Una explicación plausible del boicot saudí al Consejo de Seguridad (aunque no explica por qué no retiró su candidatura antes de la votación) es que en los dos próximos años Arabia Saudí habría de tomar decisiones difíciles en asuntos que le afectan de lleno y que le enfrentan con casi todos los miembros permanentes del Consejo. Es probable que aumenten las discrepancias entre Riad y las principales capitales occidentales en relación con las negociaciones que estas últimas han iniciado con el nuevo gobierno iraní, liderado por Hasan Ruhani, y que podrían llevar al deshielo de las relaciones entre EEUU y la República Islámica. Las petromonarquías árabes del Golfo, con Arabia Saudí a la cabeza, temen que ese acercamiento se produzca en detrimento de sus intereses.
Por otra parte, el apoyo absoluto de Rusia y China al régimen sirio, junto con la titubeante política occidental hacia ese régimen, podrían tener como resultado que Asad y los suyos sean “rehabilitados” porque se crea que son un mal menor frente a una oposición dividida y cada vez más radicalizada. Arabia Saudí, además de apoyar a parte de la oposición siria, no parece dispuesto a aceptar una posible rehabilitación de Asad. El riesgo que habrían visto los jerarcas saudíes –según esta explicación de su boicot al Consejo de Seguridad– es que su presencia en ese órgano los expondría a enfrentamientos públicos con las grandes potencias, sin que ello les reportara beneficio alguno.
Otra consecuencia de la insólita decisión saudí es que, al haber abandonado el Consejo de Seguridad incluso antes de haber iniciado su mandato bienal, Arabia Saudí ha renunciado voluntariamente a la capacidad de influir directamente en los trabajos del principal órgano de decisión de la ONU. Eso se podría haber reflejado tanto a la hora de aprobar sus declaraciones oficiales como de fijar la agenda y prioridades, especialmente cuando le hubiese correspondido asumir la presidencia rotatoria del Consejo.

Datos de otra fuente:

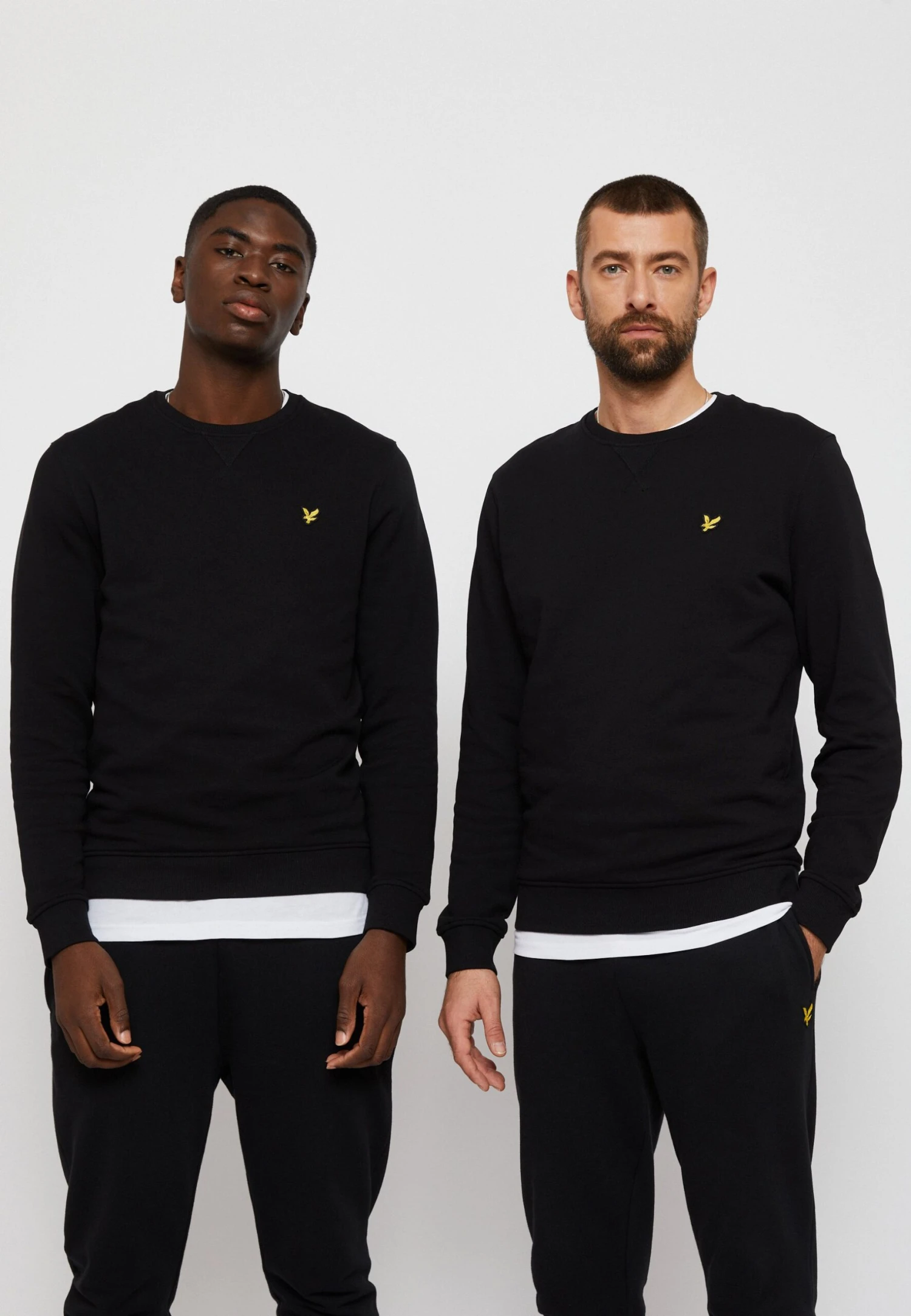 Lyle & Scott Crew Neck - Sweater - Jet Black 1 Lyle & Scott Crew Neck - Sweater - Jet Black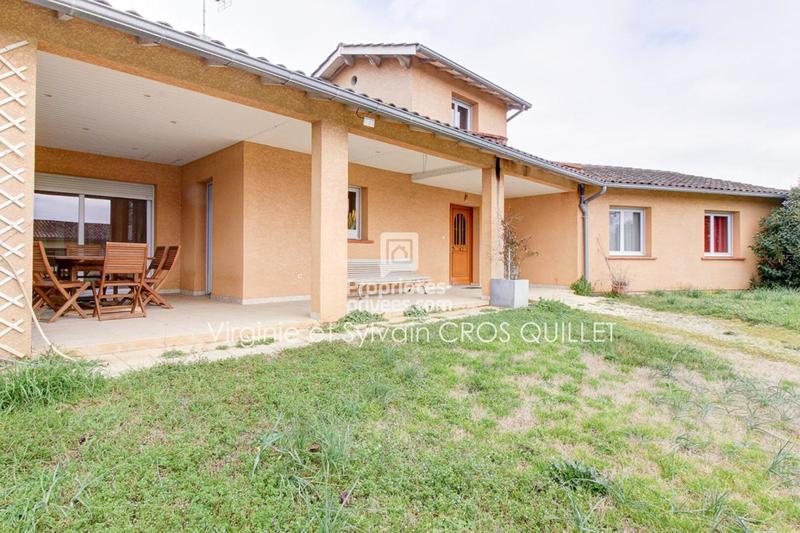 Maison - 137 m² - 5 pièces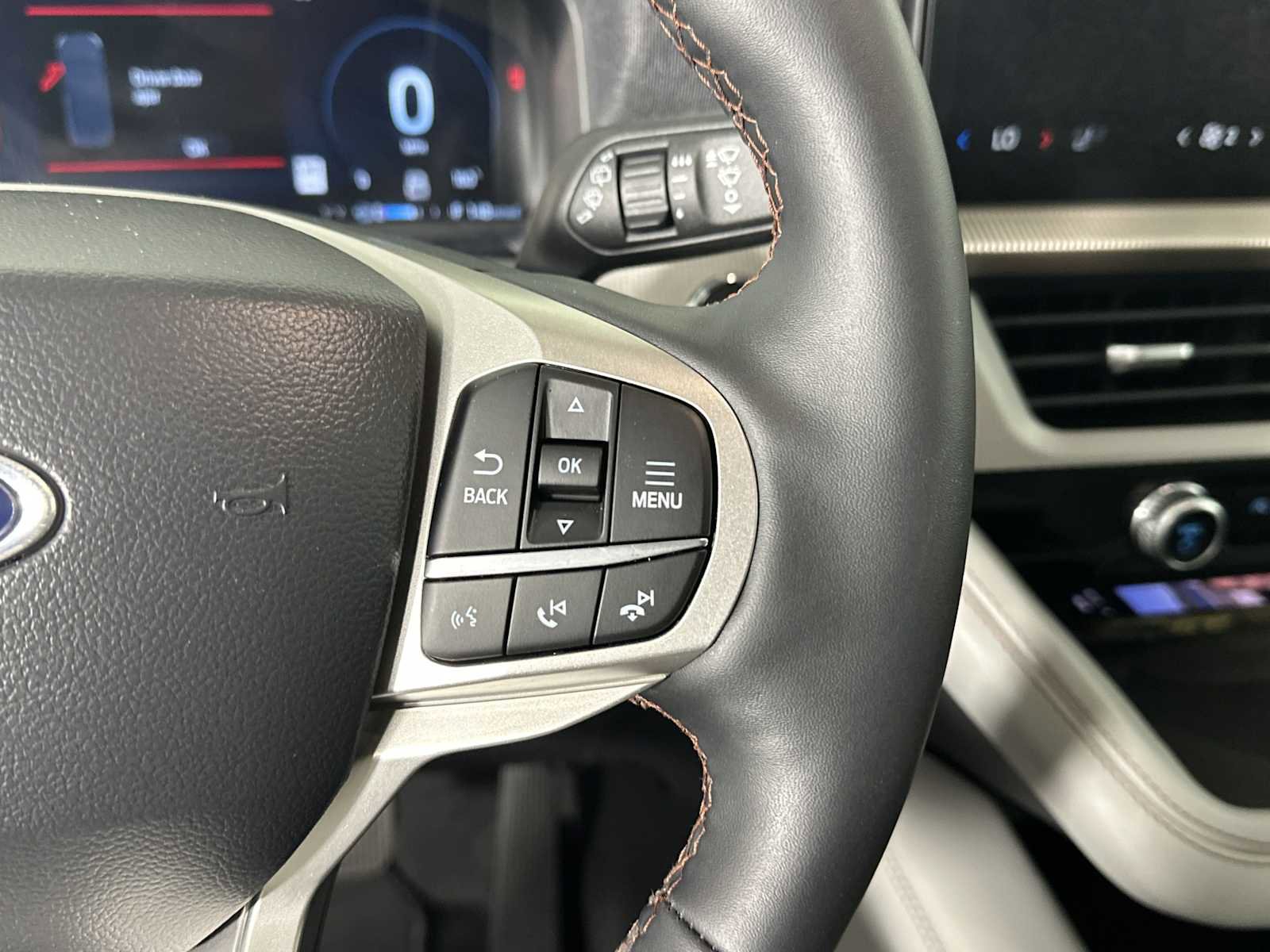 New 2025 Ford Explorer Active w/ Active Comfort Package image 21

La medida de protesta adoptada por la cúpula del poder saudí plantea complicaciones inmediatas para el correcto funcionamiento del Consejo de Seguridad a partir del 1 de enero de 2014. Más allá del impacto a corto plazo de esa decisión, surgen importantes dudas sobre la capacidad de los actuales gobernantes saudíes de adaptar su estilo y métodos de hacer política a un contexto que cambia a ritmos acelerados. Donde más se notan esos cambios es en el escenario geopolítico de Oriente Medio, pero cada vez hay más indicios de que los cambios de fondo también se están produciendo bajo la superficie, aparentemente estable, de las sociedades árabes del Golfo.